看清情况,笑歌暗叫不妙。且将棕熊的胸口下三寸之地,一把剑明晃晃钉在那里。小半剑尖没入皮肉,血沿着剑身缓缓流下,可明显没有伤及内腑,反而激得它愈发暴戾。

长年惯于借助兵器制敌取胜的人,一旦失了搭档,跟废人实在没多大区别。这不,剑才脱手,紫因显已是乱了章法。那头熊受了伤也不胆怯,反倒疯了也似的进攻。他却还一心想取回宝剑,左右闪避,几次险些遭熊掌刮中,就是不肯逃开。

笑歌得了小阁的躯壳,虽算不上什么高手,判断形势的本事倒不差。急急将红笑兮往韩尤嘉怀里一推,“你们先走!”撸袖一摁右边手环上的凸起,银链激射而出,稳稳缠上棕熊右臂。

她大喜,趁棕熊怔忡之机,使出吃奶的力气拽住银链。正要出声让紫因退走,却见他不退反进,揉身直上,一把握住了剑柄。

拔不得!这话还在她的嗓子眼儿里打转。那棕熊已猛地侧身一挥右掌,笑歌猝不及防,被拖得朝前一个跟头栽得七荤八素。

她错过的一幕,韩尤嘉却看得分明

紫因拔剑,血飙射而出。可笑意还没来得及爬上他的脸,熊的右掌已带着雷霆之势扫了过去!

极是沉闷的一声响,那抹青犹如断了线的风筝,斜飞出去。只一瞬,便消失在树下那个黑漆漆的窟窿里。

棕熊一招得手,兴奋异常。探头朝洞里望了望,连吼数声,不知是挑衅还是因着猎物失去踪影而失望。

吼声一停,它慢吞吞地转朝笑歌这方,似乎对缠在臂上的银链很是不满,猛地一扯,将昏头昏脑刚爬起来的笑歌又拉了个跟头。

“笑歌,快放手!”韩尤嘉当机立断抱住她的腰,红笑兮也赶紧上来帮忙。

笑歌头昏脑胀,哪里还找得到开环的机关?摸了半天也没摸出个所以然,急得韩尤嘉直瞪眼。

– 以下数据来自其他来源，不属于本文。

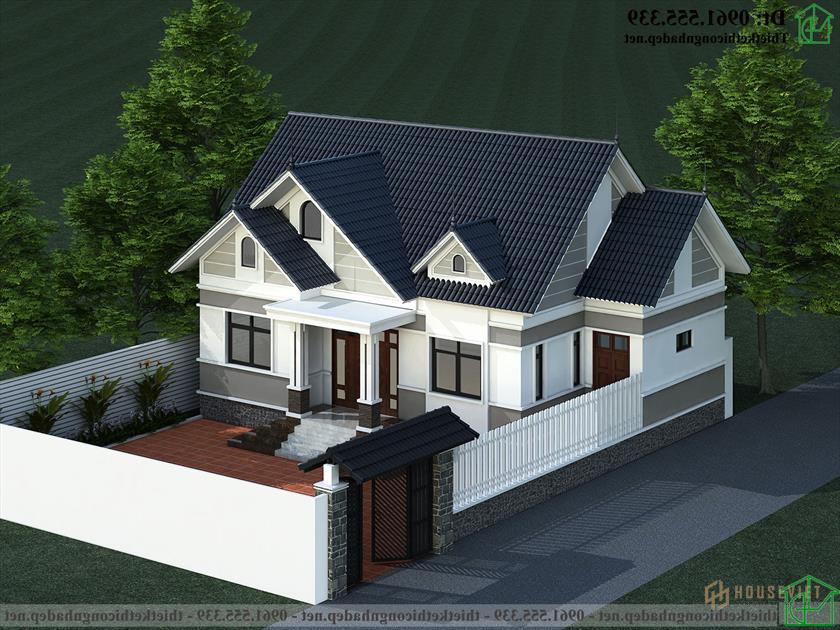 Phối cảnh tổng thể mẫu nhà cấp 4 đẹp NDNC4175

那头熊像是对这种游戏开始有了兴趣,也不急着猎杀,就站在洞口边看着她三个忙活。感觉银链拖动右臂,便轻轻一扯,将勉强退后几步的三个又拉得跌作一团。

她三个弄得灰头土脸,棕熊却异常悠闲,一步步将她们拖得离自己越来越近,嘴巴一张,呵呵作声,竟像是在嘲笑她们的无能。

笑歌在最前面,每次一摔就免不了被后头的两个压住,只觉天旋地转,五脏六腑都错位。

勉力撑住抬头看,那大家伙已只在一米开外,黑压压挡住了光亮,简直就是一堵无法逾越的墙。那样近的距离,连它嘴角滴落的涎水的腥臭也闻得见。

笑歌终于晓得血盆大口的含义。瞧那森亮白牙,做牙膏广告也不为过。可若是那样的牙咬在身上她登时汗毛倒竖,胡乱抠着那手环,拼命想要远离这恐怖。韩尤嘉和红笑兮用力拉拔她后退,可没几步,又被那熊扯得往前去。

眼看着双方之间的距离越来越短,那呼哧呼哧的喘气声犹如就在耳边,刺激得笑歌几乎抓狂。突然回头一瞪还在锲而不舍努力往回拖她的两个,厉声道,“滚!你们给我滚!”

韩尤嘉一愣,蓦地一咬下唇,抱得她更紧。红笑兮低头不语,也是死活不肯放手。笑歌目眦欲裂,正要蹬腿踹开他们两个。却有人猛地抓住她的右臂,另一只手还紧紧扣住她的腰肢——柯戈博的声音蓦然出现在耳畔,“你想死吗?!快放手!”

笑歌如在梦中,愣愣地抬眼看去——黑衣黑发,薄唇抿做一条线,细如柳叶的眉蹙得紧紧,不是柯戈博又是谁?

可是,他问这话是不是太傻了点?如果能放手,她还会那么痛苦吗?

笑歌不及感动就先腹诽起来。柯戈博大约也看出点端倪,飞快地抽出腰间的银钩,朝那银链劈去!

“叮”的一声脆响,震得笑歌半边手臂发麻。再看银链,却是完好无损。

“见鬼!这到底是什么玩意儿!”

他咬牙。勒紧笑歌的腰,又将那银链在手上缠了两道,缓慢地后退。银链绷得死紧,那熊微动右臂,像是要再拉,却半天也没见动作。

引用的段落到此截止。